L’objet de l’investissement : les valeurs mobilières
Cependant, la situation est différente lorsque l’objet de l’investissement est une valeur mobilière. Par exemple, sur la plateforme RealT, les investisseurs acquièrent des tokens Ethereum représentant une fraction d’un bien immobilier. Ces tokens donnent également droit à une part des revenus locatifs.
Même si les transactions sont effectuées en cryptomonnaies, l’objet sous-jacent de l’investissement — ici, des droits de propriété sur un bien immobilier — pourrait être considéré comme une valeur mobilière. Si ces tokens sont juridiquement qualifiés de valeurs mobilières, alors la plateforme facilitant ces transactions serait soumise au Règlement PSFP, avec des obligations en matière de transparence, d’enregistrement auprès des autorités, et de protection des investisseurs. Cela pourrait également impliquer l’application du cadre MiFID II, qui régit les instruments financiers.
Cependant, si les tokens n’étaient pas qualifiés de valeurs mobilières en vertu des législations en vigueur, la plateforme pourrait éventuellement échapper aux exigences du PSFP. C’est ici que la régulation des crypto-actifs en Europe, notamment avec le Règlement MiCA, pourrait s’appliquer.

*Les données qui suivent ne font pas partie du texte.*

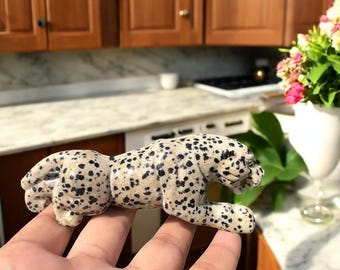 1PC Natürlicher dalmatinischer Jaspis Leopard - handgeschnitztes Quarzkristalltier, Mineralprobe, Kristallschnitzdekor, einzigartiges Geschenk, 130g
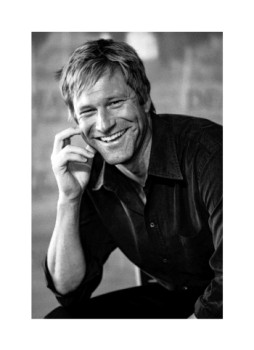 Œuvre contemporaine nommée « Aaron Eckhart », Réalisée par MIGUEL DUVIVIER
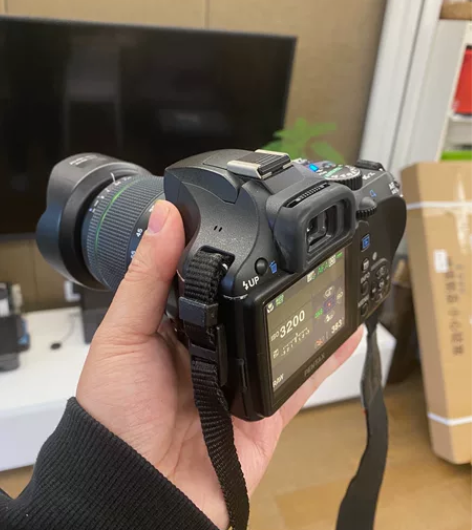 宾得PENTAX K-x单反相机,有一角摔...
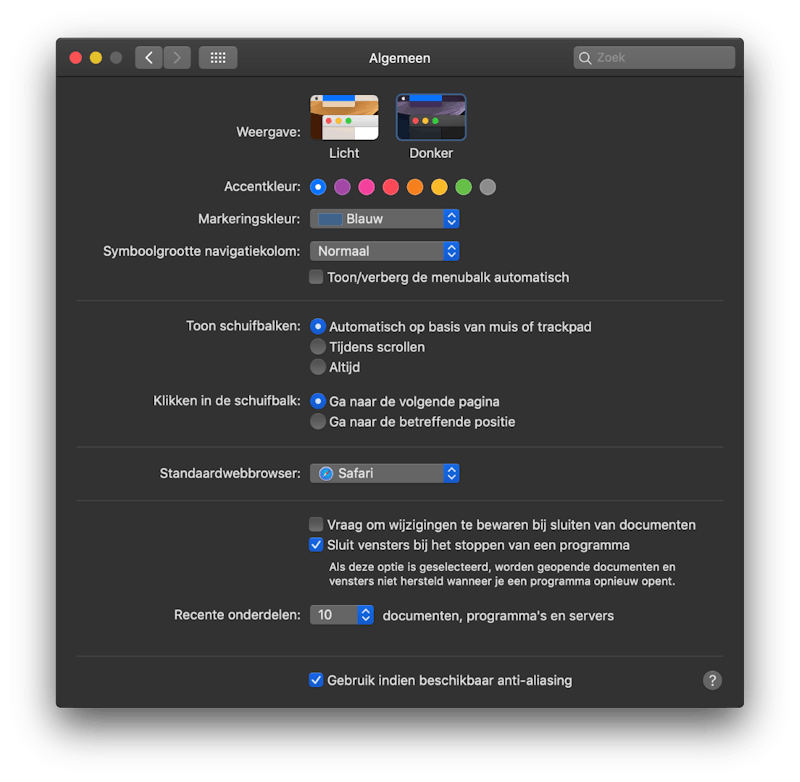 Het is even wennen, macOS in het donker. Vooral in de avonduren werkt het prettig.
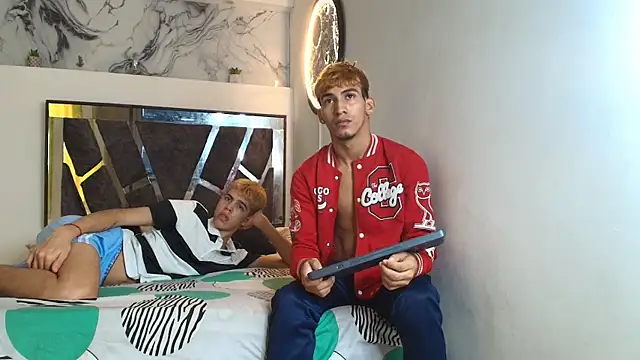 Snapshot of IMPERIO_ROMANO chatting on December 3, 2025, 7:12 pm IMPERIO ROMANO online show from December 3, 2025, 7:12 pm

Le développement des plateformes de financement participatif utilisant les crypto-monnaies marque un tournant dans la manière dont les projets peuvent être financés. Grâce à la blockchain, ces plateformes offrent une plus grande transparence, une réduction des coûts d’intermédiation, et un accès élargi aux investisseurs à l’échelle mondiale. Cependant, cette innovation pose des défis réglementaires importants, notamment en matière d’application du règlement PSFP.